* **Exercise brief**
Once the images are set aside, print the remaining lines below exactly.

* **Stored data**
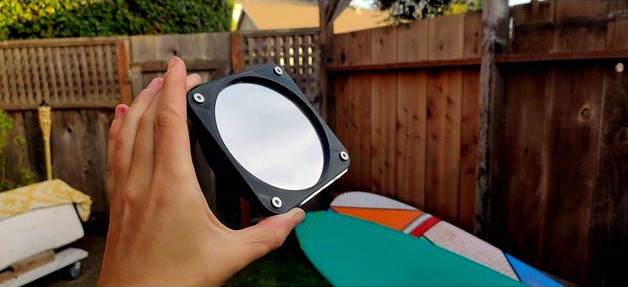 Celestron EQ 80 Solar Filter by mmichalak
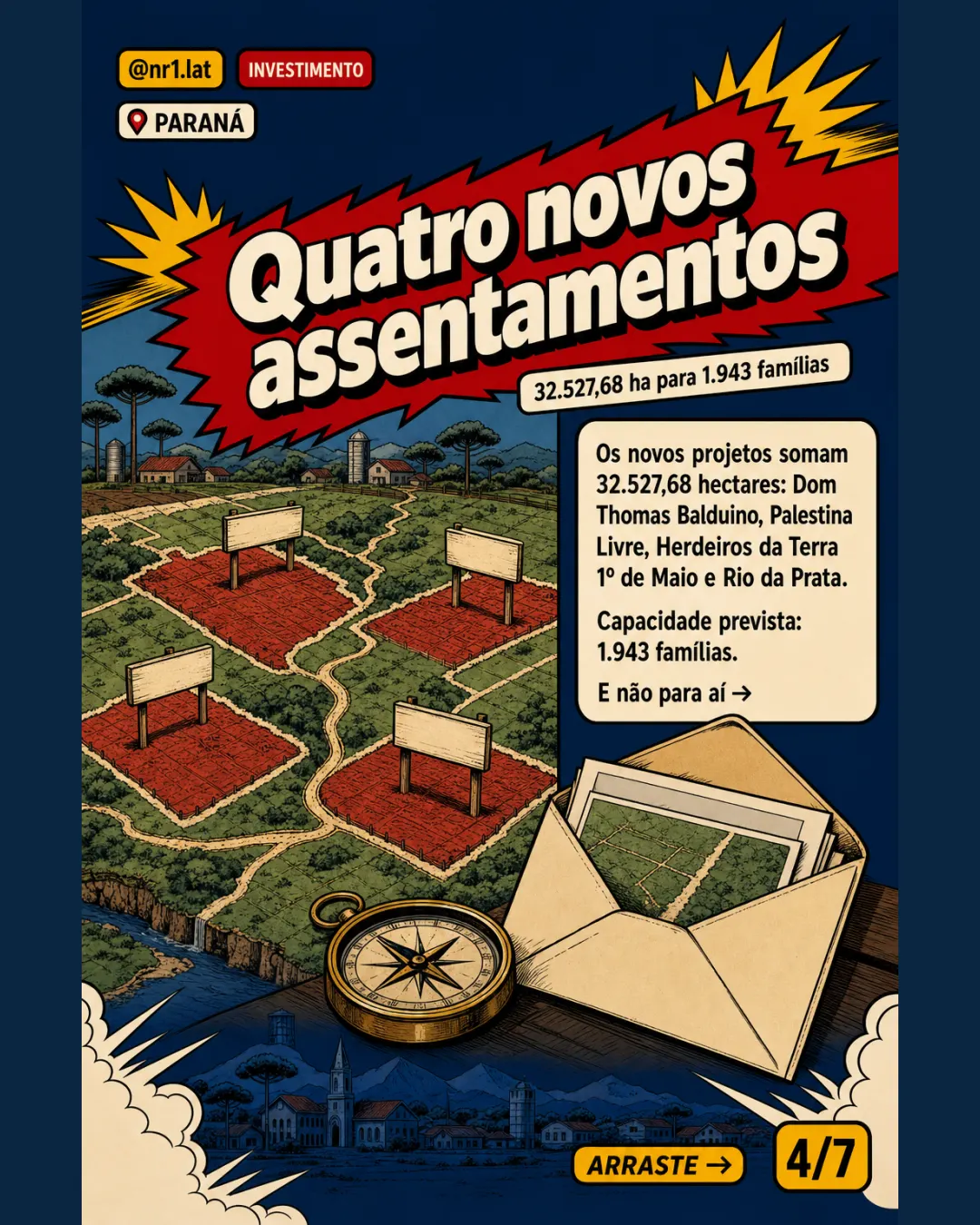 Paraná destina 57 mil ha e muda mapa de imóveis rurais — imagem 4 de 7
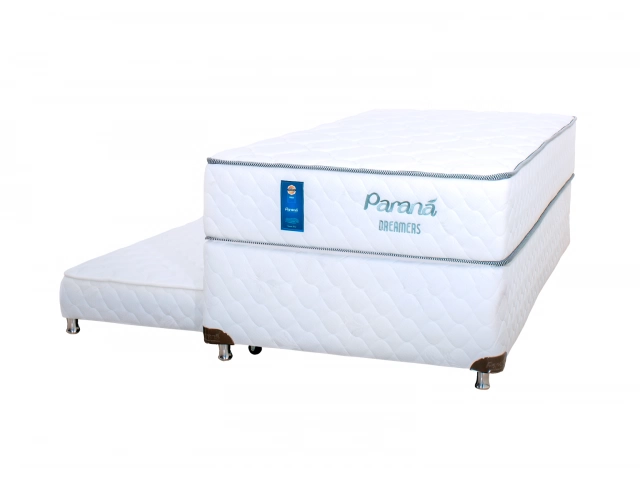 2 a&ntilde;os de garant&iacute;a. Soporta hasta 120 kgs por persona. Uso de ambas caras. Anti &aacute;caros y anti hongos. F&aacute;cil limpieza. Cama extra en espuma de alta densidad. Estructura de resortes Bonell.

* **Exercise output**
 Celestron EQ 80 Solar Filter by mmichalak
 Paraná destina 57 mil ha e muda mapa de imóveis rurais — imagem 4 de 7
 2 a&ntilde;os de garant&iacute;a. Soporta hasta 120 kgs por persona. Uso de ambas caras. Anti &aacute;caros y anti hongos. F&aacute;cil limpieza. Cama extra en espuma de alta densidad. Estructura de resortes Bonell.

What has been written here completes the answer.